身分を隠さねばならないような、やんごとなき方でもなければな」

 

 思えば、こういった慣習の参考元は幕府軍のおやぢや、作法が完璧すぎる(・・・・・)竜司だけだ。

 

───俺は、まだおやぢではない……

 

 脳内で他人のモノマネをするな。

 

 ともかく、年寄りの知識はどうしても古くなり、竜司は成り上がりのため経験を得る機会はなく勉強しかなかった。

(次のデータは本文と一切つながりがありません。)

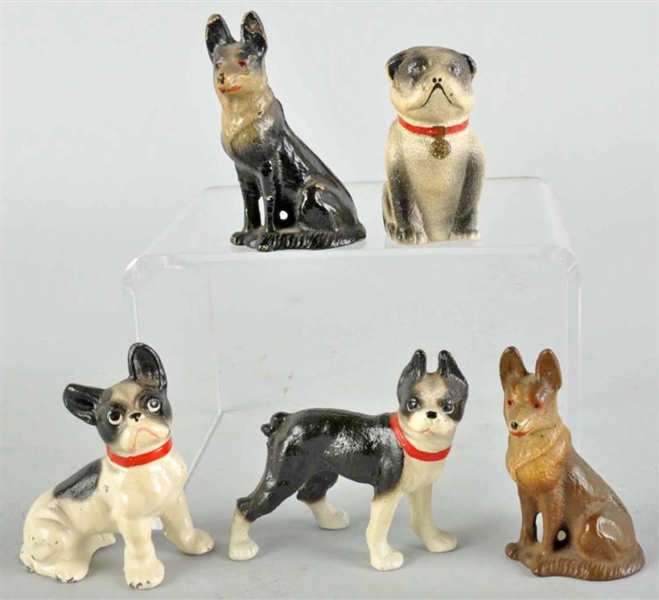 LOT OF 5: CAST IRON DOG PAPERWEIGHTS.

 良介の知る礼儀は、若者の世代とは異なっていたのだ。

 

「そうか……意外と気軽なものになってたんだな、諱」

 

「父上から何度か注意された事もあるが……

その方が、友人達と秘密を共有している気がしてな」

 

 家族思いな面が見受けられる大助もとい、あくりだが───

 やはり年相応な一面もあるようだ。

 

「じゃあ……あくりちゃん?」

 

「なぜ、ちゃんを?」

 

「なんとなく。嫌だった?」

 

「……そのような呼ばれ方をするのは初めてだ。

あくりの諱を教えた部下は皆、一様に姫様とばかり呼んでいたからな……

だが、悪い気はしない」

 

 部下。

 あくりはかつて藩空軍予備役という地方軍とはいえ、仮にもいち組織の長をしていた人間でもある。

 

 彼女の言う部下とはやはり、あの空戦で共に戦い、散っていった僚機のことを指すのだろう。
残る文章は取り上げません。